══ Stored data ══

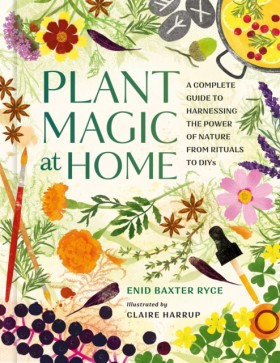 Plant Magi …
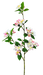 The 35 Cream and Pink Crab Apple Blossom Spray (29475CMPK) features a blooming branch with cream and pink flowers and vibrant green leaves on a clear background. Delicate blossoms are scattered along the stem, creating an elegant display.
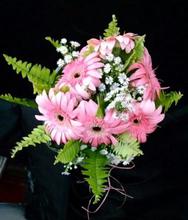 PINK DAISY BOUQUET 25 PCS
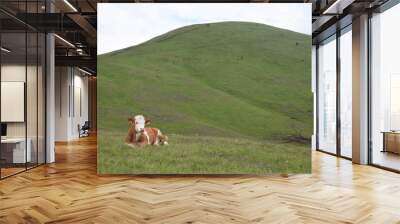 A cow lying on a green meadow. Cow isolated. Domestic animals. Mountain animals. Nature wallpaper.  Wall mural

═══

▸ Task to carry out
Your task is to repeat only the lines from the line containing "PINK DAISY BOUQUET 25 PCS" through the final line of the material, inclusive; do not include pictures.

▸ Expected answer
 PINK DAISY BOUQUET 25 PCS
 A cow lying on a green meadow. Cow isolated. Domestic animals. Mountain animals. Nature wallpaper.  Wall mural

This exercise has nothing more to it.